▸ COLLECTED DATA:

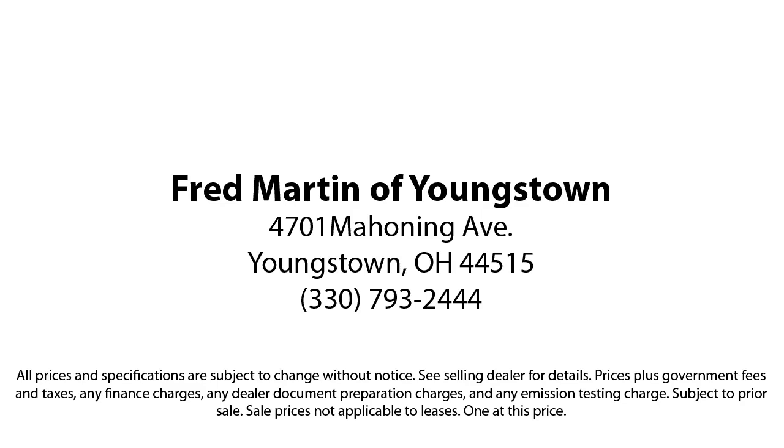come see why customers always return to the family experience we provide. Fred Martin of Youngstown — we sell for less, a lot less. Fred Martin of Youngstown is located at 4701 Mahoning Avenue in Youngstown.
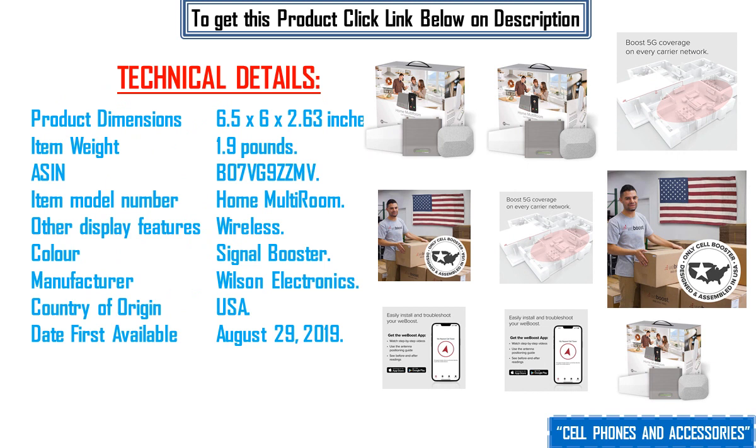Product dimensions: 6.5 x 6 x 2.63 inches. Item weight: 1.9 pounds. ASIN: B07VG9ZZMV. Item model number: Home Multi-Room. Other display features: wireless.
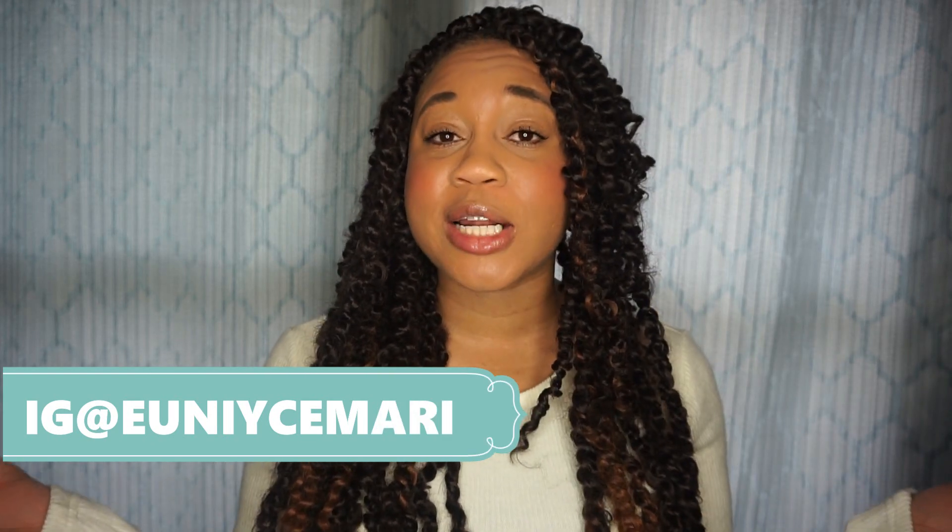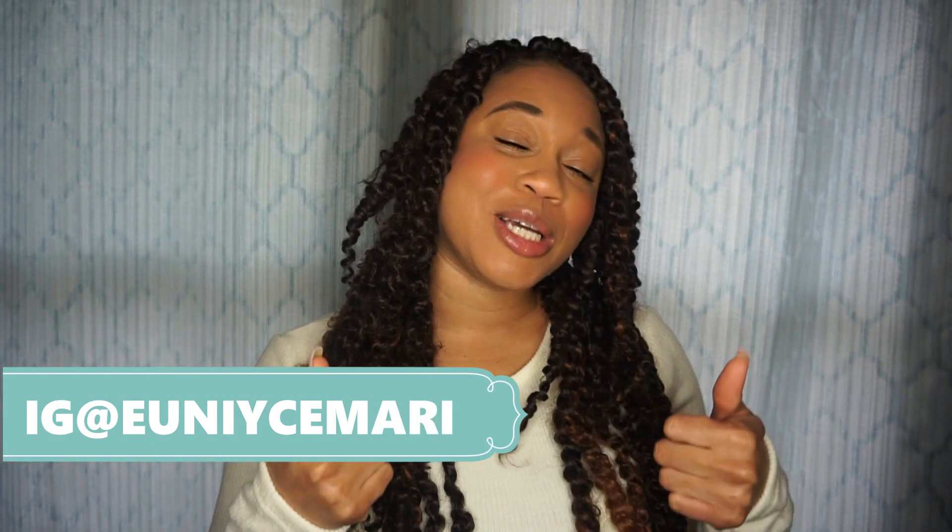If you're not yet subscribed to my channel, girl what are you waiting for? Go ahead and click that subscribe button, turn on your post notification bell so you're notified when I upload, and if you like what I do here on my channel, give your girl a big thumbs up and share me with the world.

▸ WORK INSTRUCTION: Leave out the pictures, then reproduce exactly the run of lines from the one that contains "Product dimensions: 6.5" to the final line of the listing above.

▸ SOLUTION FOR THIS TASK:
Product dimensions: 6.5 x 6 x 2.63 inches. Item weight: 1.9 pounds. ASIN: B07VG9ZZMV. Item model number: Home Multi-Room. Other display features: wireless.
If you're not yet subscribed to my channel, girl what are you waiting for? Go ahead and click that subscribe button, turn on your post notification bell so you're notified when I upload, and if you like what I do here on my channel, give your girl a big thumbs up and share me with the world.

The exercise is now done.